О своих годах ученичества сочно и красочно рассказал в своей книге-исповеди сам Илья Сергеевич. И здесь хотелось бы привести характерные особенности атмосферы той поры, подтверждаемые его дневниковыми записями и свидетельствами близко общавшихся с ним людей.
Прежде всего – это жажда учиться, горение любовью к искусству, которым были охвачены студенты института. Отсюда – упорное стремление овладеть основами профессионального мастерства, освоить богатства отечественной и мировой культуры. Каждый студент был личностью, отличавшейся мерой природного таланта и направленностью своих устремлений. С некоторыми из них, теперь они уже известные художники, – Федор Нелюбин, Эдуард Выржиковский, Валентин Сидоров, ныне возглавляющий Союз художников России, мне довелось достаточно близко познакомиться. Не раз мне приходилось слышать от них об удивительном трудолюбии, особо отличавшем Илью Сергеевича. Вот как объясняет сам художник источник своего упорства, отчетливо осознанный в четырнадцатилетнем возрасте:
«…Все силы своей души отдал освоению азов искусства, подбодряя свою неуверенность радостью учебных побед и… уверенностью в неодолимую победу каторжного труда на ниве любви к искусству».

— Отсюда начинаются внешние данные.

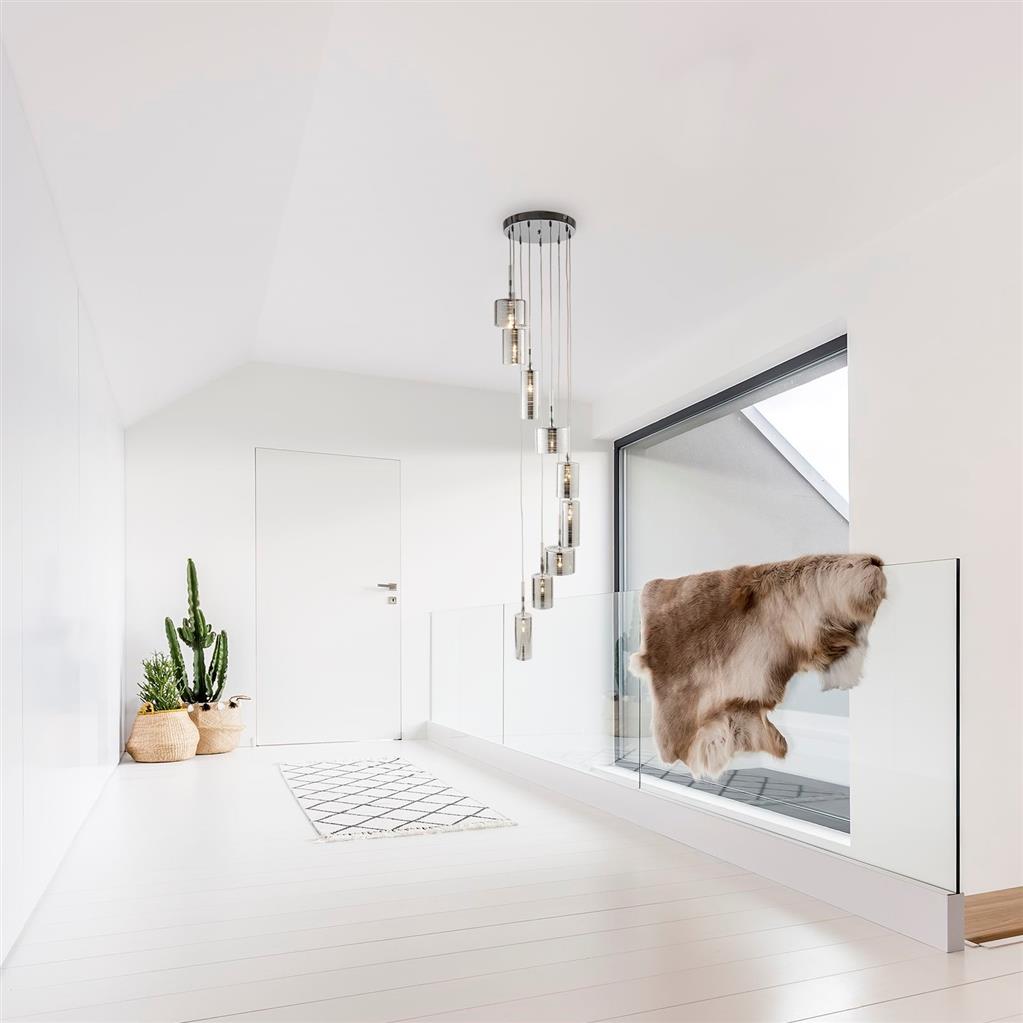 Linen 9Lt Multi-Drop Pendant - Chrome Metal & Smoked Glass G4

На каких основах складывалось мастерство Глазунова? Прежде всего, на традициях выдающегося русского педагога реалистической школы П. П. Чистякова, прочно утвердившихся в школе и институте…
«Чистяков, – вспоминает о годах своего ученичества Глазунов, – с его твердой системой познания природы, как известно, считал, что познание лишь необходимый фундамент, без которого не может развиваться в искусстве неповторимая индивидуальность художника. Не случайно его учениками были люди, определившие лицо русского искусства на рубеже XIX–XX веков, – в их числе Суриков, Серов, Врубель, Васнецов. Они навсегда сохранили любовь к своему великому учителю, давшему им ключ к тайнам профессионального мастерства, без которого невозможно индивидуальное самовыражение любого художника.

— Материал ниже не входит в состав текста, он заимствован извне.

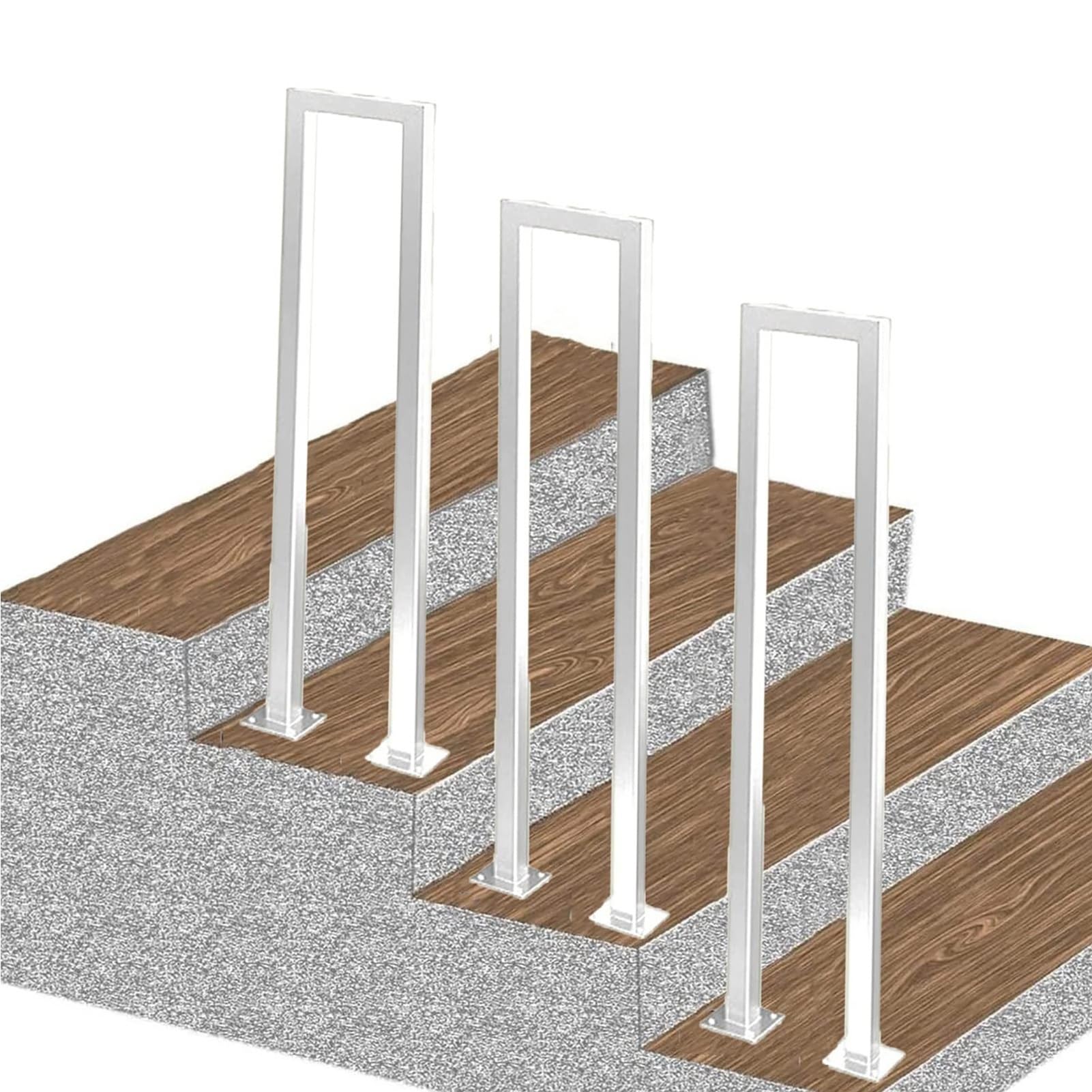 LWJSOCP Metal Stair Railing Kit Indoor/Outdoor Stair Handrail for Garden Loft and Steps Non Slip Balusters and Handrails White 55CM (1.8FT)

Педагогическая система Чистякова основывалась на внимательнейшем изучении бесконечного разнообразия окружающего мира, человека. Чистяков был, по словам В. Васнецова, «посредником между учеником и натурой».
«Надо как можно ближе подходить к натуре, но никогда не делать точь-в-точь… так уже опять непохоже», – учил Чистяков. Этот завет – всегда уметь сохранить образное, поэтическое отношение к объекту изображения, не засушивая и не перегружая подробностями – главнейший в чистяковской методике.
Основой в изобразительном искусстве Чистяков считал рисунок. «…Только на нем может подниматься и совершенствоваться искусство».
Выдающийся педагог никогда не рассматривал вопросы искусства изолированно от многообразия всей жизни. Он живо интересовался новостями в области музыки, литературы, философии, науки. Он считал, что высокая техника художника должна служить не только лишь для передачи законов строения предметов. Необходимо восприятие самой сути явления. «Предметы существуют и кажутся глазу нашему. Кажущееся – призрак; законы, изучение – суть. Что лучше? – ставил вопрос Чистяков в своих заметках о двух аспектах восприятия явлений действительности. И отвечал: – Оба хороши, оба вместе… Надо сперва все изучить законно хорошим приемом, а затем написать все, как видишь».